**Task**
From the line with "Мария, метро Беляево" to the line with "Thom Browne Pants THOM BROWNE Men color Grey", retype every line exactly, including those two, and leave out the rest of the data below.

**Supplied data**

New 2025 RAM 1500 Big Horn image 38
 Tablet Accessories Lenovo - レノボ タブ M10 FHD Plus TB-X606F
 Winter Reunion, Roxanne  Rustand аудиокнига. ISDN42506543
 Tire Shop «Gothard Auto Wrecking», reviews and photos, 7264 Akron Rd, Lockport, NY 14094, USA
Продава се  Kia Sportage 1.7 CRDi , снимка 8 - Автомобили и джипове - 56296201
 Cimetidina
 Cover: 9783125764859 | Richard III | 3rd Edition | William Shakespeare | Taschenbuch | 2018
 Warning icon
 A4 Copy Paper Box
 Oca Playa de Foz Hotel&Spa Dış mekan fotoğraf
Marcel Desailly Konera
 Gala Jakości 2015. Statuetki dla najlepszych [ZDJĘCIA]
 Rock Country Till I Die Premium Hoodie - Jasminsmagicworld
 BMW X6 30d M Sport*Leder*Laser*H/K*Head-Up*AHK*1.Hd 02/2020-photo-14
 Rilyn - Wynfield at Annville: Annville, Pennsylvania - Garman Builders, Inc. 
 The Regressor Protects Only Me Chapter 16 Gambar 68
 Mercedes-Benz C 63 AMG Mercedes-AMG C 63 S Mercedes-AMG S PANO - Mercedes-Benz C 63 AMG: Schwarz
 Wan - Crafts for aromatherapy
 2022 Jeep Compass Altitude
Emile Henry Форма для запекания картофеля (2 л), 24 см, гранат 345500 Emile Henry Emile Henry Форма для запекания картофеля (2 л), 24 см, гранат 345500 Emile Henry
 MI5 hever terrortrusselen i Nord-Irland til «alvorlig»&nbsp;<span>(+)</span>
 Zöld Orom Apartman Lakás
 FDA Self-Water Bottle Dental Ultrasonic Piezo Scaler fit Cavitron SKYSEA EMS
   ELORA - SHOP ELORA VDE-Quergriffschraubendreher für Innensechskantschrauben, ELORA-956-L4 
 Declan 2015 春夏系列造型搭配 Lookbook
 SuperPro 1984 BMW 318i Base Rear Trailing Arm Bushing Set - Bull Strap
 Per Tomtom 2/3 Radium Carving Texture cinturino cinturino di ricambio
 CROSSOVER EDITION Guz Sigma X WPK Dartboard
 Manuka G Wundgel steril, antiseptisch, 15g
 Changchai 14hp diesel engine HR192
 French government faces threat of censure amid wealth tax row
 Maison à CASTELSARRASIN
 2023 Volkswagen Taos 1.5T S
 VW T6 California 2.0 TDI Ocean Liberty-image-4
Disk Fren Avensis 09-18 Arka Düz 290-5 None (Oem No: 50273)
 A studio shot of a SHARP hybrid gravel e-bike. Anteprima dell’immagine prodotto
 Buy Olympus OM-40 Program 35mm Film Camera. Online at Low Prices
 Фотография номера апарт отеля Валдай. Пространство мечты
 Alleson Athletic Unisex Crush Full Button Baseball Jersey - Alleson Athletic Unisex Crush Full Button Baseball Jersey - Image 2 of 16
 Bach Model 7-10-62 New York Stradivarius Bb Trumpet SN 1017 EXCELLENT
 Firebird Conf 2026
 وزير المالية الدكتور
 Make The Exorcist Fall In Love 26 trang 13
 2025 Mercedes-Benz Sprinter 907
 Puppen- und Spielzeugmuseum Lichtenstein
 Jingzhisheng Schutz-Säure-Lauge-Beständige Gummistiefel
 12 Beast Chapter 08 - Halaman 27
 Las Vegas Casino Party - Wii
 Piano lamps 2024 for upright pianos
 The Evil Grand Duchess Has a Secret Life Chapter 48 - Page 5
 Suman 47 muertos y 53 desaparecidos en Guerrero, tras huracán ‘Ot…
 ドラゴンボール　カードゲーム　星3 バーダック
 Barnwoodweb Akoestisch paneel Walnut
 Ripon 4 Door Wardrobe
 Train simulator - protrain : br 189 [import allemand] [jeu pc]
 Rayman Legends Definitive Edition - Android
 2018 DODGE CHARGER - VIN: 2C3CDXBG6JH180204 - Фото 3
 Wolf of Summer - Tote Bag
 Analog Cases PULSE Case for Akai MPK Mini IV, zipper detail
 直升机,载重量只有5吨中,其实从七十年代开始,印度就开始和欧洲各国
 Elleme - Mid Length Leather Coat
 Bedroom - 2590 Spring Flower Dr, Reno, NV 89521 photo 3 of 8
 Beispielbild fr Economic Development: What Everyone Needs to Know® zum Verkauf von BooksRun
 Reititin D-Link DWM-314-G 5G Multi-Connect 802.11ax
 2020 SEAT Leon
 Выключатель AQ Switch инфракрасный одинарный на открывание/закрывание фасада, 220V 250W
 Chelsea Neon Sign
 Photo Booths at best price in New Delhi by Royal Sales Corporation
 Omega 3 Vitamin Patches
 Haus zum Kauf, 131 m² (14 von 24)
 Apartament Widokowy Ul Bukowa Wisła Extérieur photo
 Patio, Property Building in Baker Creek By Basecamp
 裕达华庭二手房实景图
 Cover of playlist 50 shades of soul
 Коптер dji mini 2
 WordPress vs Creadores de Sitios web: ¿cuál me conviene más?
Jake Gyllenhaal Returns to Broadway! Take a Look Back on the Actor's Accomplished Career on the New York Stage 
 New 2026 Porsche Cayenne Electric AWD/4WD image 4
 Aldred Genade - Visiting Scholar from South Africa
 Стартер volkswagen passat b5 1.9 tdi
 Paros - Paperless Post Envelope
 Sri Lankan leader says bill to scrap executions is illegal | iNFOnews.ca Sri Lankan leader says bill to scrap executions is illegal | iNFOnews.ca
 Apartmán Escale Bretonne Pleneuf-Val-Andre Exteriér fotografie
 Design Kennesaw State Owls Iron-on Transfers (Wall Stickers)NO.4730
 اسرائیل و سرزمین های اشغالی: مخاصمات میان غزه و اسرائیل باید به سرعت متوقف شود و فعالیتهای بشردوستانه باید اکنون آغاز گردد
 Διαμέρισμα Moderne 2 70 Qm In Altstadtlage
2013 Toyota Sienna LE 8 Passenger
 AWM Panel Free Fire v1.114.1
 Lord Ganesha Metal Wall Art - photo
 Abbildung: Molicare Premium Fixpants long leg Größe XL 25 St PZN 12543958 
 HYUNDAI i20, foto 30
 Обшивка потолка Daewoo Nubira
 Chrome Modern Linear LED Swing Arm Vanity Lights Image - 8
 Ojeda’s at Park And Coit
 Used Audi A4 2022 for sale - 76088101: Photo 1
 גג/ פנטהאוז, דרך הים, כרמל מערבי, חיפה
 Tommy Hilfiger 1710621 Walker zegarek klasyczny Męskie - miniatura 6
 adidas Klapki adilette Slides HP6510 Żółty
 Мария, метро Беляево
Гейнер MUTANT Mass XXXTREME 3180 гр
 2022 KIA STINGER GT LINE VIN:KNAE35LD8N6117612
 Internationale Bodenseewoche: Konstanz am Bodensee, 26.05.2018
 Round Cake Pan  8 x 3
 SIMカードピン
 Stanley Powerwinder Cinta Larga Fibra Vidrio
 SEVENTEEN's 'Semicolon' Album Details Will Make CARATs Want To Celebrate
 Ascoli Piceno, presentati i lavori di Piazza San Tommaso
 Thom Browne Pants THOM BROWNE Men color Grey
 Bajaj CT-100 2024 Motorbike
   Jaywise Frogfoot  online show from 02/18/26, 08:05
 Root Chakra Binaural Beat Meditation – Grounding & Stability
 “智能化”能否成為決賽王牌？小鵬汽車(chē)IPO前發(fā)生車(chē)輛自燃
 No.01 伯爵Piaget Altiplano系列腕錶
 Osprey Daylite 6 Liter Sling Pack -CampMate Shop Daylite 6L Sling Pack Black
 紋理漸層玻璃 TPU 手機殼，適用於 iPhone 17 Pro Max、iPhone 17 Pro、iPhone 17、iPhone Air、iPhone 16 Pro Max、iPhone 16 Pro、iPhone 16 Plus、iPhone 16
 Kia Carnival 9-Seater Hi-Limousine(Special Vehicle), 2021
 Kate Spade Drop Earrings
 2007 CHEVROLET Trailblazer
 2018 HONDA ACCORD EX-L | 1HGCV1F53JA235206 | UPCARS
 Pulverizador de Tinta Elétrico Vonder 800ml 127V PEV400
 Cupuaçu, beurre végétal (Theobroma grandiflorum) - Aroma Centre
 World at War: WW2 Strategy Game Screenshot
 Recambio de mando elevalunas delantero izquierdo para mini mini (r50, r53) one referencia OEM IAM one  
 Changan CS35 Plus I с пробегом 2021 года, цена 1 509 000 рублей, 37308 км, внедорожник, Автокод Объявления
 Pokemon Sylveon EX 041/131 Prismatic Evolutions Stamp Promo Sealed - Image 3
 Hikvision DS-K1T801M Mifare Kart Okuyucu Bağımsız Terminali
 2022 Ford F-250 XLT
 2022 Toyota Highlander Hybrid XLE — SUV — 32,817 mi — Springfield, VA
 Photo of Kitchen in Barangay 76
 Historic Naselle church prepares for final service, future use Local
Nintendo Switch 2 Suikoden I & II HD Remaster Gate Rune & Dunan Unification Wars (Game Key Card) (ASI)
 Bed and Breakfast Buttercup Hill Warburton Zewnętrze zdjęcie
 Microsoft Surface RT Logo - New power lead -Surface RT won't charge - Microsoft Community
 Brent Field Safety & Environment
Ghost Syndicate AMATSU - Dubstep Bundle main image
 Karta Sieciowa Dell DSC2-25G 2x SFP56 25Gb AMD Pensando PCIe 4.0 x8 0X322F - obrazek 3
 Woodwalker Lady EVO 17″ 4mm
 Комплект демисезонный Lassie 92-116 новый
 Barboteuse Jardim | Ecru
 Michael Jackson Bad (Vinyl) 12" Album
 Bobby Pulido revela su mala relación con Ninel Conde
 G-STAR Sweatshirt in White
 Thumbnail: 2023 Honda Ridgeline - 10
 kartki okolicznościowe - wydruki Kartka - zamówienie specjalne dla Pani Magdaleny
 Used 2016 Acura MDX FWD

**Final answer**
 Мария, метро Беляево
Гейнер MUTANT Mass XXXTREME 3180 гр
 2022 KIA STINGER GT LINE VIN:KNAE35LD8N6117612
 Internationale Bodenseewoche: Konstanz am Bodensee, 26.05.2018
 Round Cake Pan  8 x 3
 SIMカードピン
 Stanley Powerwinder Cinta Larga Fibra Vidrio
 SEVENTEEN's 'Semicolon' Album Details Will Make CARATs Want To Celebrate
 Ascoli Piceno, presentati i lavori di Piazza San Tommaso
 Thom Browne Pants THOM BROWNE Men color Grey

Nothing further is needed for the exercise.